_EXERCISE PROMPT:_ After finding the line containing "ohio state alumni" below, please output that line and each following one through the line containing "Oversized chess king", exactly as written.

Short text fragments from websites:
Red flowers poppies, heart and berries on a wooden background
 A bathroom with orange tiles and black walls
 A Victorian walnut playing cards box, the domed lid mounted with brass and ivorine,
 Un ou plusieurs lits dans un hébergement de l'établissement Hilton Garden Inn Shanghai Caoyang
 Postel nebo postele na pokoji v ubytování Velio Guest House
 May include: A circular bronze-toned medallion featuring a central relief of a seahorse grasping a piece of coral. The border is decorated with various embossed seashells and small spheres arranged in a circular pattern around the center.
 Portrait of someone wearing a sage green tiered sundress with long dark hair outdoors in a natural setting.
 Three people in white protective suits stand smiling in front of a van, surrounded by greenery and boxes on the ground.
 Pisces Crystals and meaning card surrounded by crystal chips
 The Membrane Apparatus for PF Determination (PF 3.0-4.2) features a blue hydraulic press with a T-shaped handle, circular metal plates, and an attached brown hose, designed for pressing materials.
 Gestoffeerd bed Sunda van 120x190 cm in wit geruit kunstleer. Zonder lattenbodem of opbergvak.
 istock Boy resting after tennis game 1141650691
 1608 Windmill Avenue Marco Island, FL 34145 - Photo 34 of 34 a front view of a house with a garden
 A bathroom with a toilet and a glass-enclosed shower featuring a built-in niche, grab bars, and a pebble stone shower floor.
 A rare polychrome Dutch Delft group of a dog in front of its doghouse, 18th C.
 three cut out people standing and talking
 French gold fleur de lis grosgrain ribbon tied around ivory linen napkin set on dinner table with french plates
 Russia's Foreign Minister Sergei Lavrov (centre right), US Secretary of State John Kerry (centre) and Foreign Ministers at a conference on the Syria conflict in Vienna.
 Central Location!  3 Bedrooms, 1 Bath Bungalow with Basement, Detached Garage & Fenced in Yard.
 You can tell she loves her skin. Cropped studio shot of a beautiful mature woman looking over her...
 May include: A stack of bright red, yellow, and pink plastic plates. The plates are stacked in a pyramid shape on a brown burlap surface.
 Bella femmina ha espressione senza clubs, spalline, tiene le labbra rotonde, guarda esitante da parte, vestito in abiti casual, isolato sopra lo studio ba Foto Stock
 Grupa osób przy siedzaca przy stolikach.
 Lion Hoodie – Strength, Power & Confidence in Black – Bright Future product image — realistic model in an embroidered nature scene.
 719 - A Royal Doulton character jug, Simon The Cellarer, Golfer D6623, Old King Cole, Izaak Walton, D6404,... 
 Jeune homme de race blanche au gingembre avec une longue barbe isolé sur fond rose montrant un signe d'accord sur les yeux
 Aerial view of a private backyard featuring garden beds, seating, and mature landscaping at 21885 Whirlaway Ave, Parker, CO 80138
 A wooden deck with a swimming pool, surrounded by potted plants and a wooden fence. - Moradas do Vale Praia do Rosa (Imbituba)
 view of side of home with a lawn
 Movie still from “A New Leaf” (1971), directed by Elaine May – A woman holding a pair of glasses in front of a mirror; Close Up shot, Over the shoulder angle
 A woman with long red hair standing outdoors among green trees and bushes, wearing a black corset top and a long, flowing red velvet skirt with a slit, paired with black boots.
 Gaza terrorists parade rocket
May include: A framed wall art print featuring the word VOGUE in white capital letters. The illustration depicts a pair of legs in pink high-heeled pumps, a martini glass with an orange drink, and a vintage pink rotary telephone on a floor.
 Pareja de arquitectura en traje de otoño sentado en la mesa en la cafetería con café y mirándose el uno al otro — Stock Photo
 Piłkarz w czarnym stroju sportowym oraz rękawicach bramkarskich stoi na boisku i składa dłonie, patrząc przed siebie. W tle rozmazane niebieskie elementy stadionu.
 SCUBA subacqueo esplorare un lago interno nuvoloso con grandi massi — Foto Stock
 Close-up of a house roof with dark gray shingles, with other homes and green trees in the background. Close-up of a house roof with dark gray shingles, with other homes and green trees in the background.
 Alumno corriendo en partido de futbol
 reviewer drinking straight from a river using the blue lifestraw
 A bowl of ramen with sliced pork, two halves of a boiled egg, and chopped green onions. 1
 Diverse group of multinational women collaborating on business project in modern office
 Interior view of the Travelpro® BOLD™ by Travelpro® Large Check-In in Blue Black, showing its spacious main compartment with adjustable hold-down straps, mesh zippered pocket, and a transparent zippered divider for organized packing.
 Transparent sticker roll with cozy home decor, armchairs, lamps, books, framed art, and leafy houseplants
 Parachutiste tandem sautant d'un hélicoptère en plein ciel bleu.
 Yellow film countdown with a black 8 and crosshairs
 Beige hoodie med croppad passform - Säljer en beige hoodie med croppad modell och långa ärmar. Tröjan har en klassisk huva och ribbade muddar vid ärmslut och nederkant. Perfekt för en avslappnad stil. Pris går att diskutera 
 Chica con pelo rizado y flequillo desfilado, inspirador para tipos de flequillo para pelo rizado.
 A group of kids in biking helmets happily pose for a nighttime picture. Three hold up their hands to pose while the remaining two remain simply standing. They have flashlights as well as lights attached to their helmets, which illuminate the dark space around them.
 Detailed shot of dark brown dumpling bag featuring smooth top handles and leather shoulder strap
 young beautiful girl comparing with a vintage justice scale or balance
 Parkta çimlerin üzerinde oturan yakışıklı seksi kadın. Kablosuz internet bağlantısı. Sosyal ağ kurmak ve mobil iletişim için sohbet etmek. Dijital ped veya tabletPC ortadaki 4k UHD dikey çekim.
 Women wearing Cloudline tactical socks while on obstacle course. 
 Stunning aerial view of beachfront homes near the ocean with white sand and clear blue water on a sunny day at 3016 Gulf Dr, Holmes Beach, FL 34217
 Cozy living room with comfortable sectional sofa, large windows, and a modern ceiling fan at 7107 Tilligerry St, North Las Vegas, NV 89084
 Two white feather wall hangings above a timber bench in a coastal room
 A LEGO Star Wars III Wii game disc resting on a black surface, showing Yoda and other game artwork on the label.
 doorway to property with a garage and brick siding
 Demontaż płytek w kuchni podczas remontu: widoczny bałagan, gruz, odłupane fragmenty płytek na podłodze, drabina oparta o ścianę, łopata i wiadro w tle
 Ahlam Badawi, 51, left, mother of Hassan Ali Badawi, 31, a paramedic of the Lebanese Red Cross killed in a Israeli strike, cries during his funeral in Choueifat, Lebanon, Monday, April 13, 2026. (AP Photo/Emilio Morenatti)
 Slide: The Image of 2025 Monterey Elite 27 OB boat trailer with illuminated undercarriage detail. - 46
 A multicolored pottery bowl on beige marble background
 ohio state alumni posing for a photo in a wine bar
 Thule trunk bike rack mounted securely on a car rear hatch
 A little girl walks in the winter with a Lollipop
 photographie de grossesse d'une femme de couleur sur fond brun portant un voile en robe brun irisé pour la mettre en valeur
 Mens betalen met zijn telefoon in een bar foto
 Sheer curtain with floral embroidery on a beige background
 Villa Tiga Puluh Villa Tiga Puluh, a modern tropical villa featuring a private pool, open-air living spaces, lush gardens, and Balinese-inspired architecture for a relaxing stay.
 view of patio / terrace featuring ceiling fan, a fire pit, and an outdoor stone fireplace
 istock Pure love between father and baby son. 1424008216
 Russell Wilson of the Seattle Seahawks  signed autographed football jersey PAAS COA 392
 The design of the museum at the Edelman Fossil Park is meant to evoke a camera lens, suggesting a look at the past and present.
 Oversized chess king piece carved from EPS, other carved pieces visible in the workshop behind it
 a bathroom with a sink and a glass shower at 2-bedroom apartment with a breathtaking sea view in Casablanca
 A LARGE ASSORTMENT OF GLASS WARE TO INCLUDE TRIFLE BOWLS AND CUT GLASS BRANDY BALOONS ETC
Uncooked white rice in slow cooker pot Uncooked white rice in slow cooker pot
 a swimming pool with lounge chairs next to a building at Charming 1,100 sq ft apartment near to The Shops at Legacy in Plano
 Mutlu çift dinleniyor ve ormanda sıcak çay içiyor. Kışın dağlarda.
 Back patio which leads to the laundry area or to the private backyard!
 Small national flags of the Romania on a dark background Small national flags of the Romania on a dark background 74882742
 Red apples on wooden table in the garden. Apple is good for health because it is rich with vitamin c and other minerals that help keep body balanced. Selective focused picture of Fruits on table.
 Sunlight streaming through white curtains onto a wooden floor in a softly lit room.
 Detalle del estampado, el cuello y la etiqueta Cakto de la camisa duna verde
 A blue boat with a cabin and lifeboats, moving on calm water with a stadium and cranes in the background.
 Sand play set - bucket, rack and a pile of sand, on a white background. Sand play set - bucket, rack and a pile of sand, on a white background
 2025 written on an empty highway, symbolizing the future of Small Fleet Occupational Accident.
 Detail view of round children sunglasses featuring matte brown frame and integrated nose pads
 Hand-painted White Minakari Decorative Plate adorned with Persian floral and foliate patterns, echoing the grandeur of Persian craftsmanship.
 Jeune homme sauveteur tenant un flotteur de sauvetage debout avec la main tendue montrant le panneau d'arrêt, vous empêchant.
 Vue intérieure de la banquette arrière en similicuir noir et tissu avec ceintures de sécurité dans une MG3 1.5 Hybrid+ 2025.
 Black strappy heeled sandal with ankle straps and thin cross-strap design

_YOUR RESPONSE:_
 ohio state alumni posing for a photo in a wine bar
 Thule trunk bike rack mounted securely on a car rear hatch
 A little girl walks in the winter with a Lollipop
 photographie de grossesse d'une femme de couleur sur fond brun portant un voile en robe brun irisé pour la mettre en valeur
 Mens betalen met zijn telefoon in een bar foto
 Sheer curtain with floral embroidery on a beige background
 Villa Tiga Puluh Villa Tiga Puluh, a modern tropical villa featuring a private pool, open-air living spaces, lush gardens, and Balinese-inspired architecture for a relaxing stay.
 view of patio / terrace featuring ceiling fan, a fire pit, and an outdoor stone fireplace
 istock Pure love between father and baby son. 1424008216
 Russell Wilson of the Seattle Seahawks  signed autographed football jersey PAAS COA 392
 The design of the museum at the Edelman Fossil Park is meant to evoke a camera lens, suggesting a look at the past and present.
 Oversized chess king piece carved from EPS, other carved pieces visible in the workshop behind it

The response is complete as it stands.